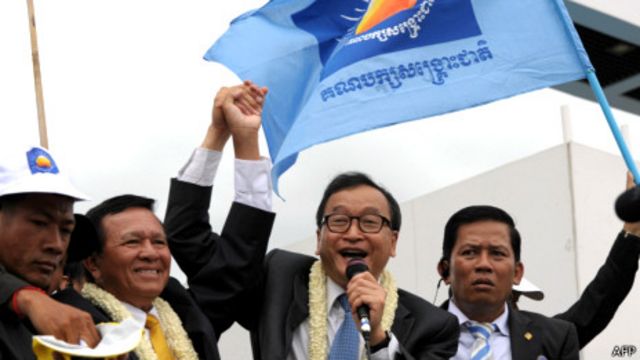 Ông Sam Rainsy (thứ hai phải sang)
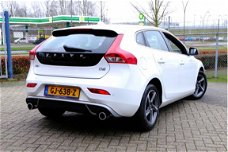 Volvo V40 - 2.0 D2 R-Design Xenon/Leder/Navi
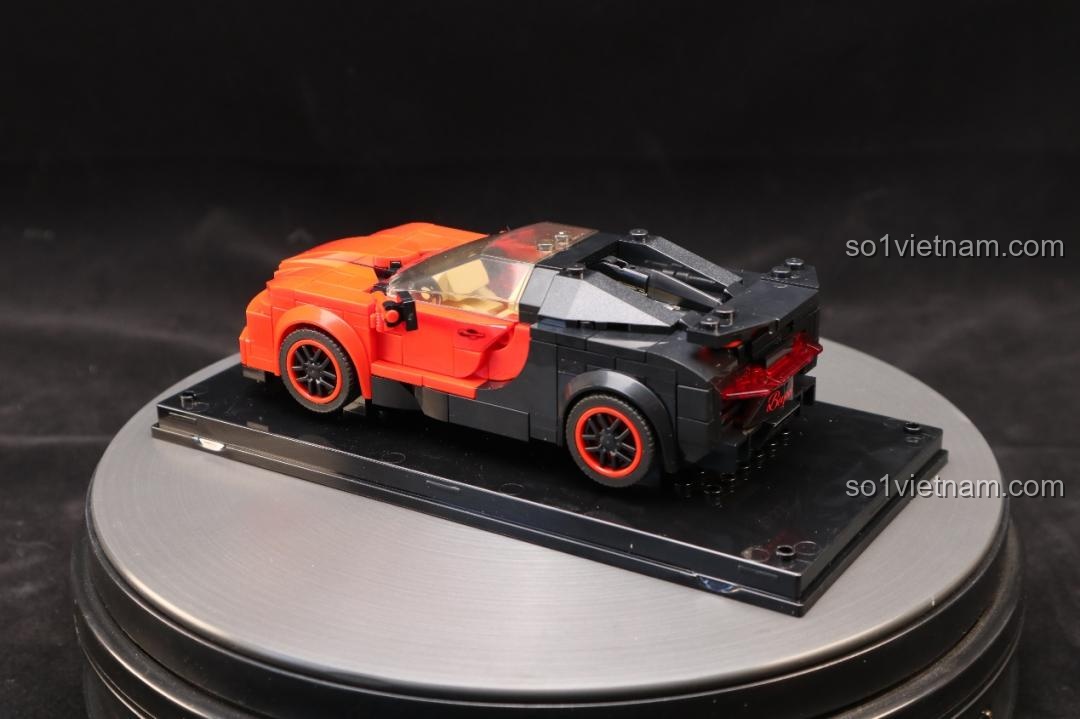 Mô hình Bugatti Veyron Mould King 27027 từ phía sau, thân xe đỏ đen, đặt trên đế xoay.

Task objective: Transcribe, without alteration, each line from the one with "Volvo V40 - 2.0 D2 R-Design Xenon/Leder/Navi" through the last line of the data; no pictures belong in the copy.

Response to this task:
 Volvo V40 - 2.0 D2 R-Design Xenon/Leder/Navi
 Mô hình Bugatti Veyron Mould King 27027 từ phía sau, thân xe đỏ đen, đặt trên đế xoay.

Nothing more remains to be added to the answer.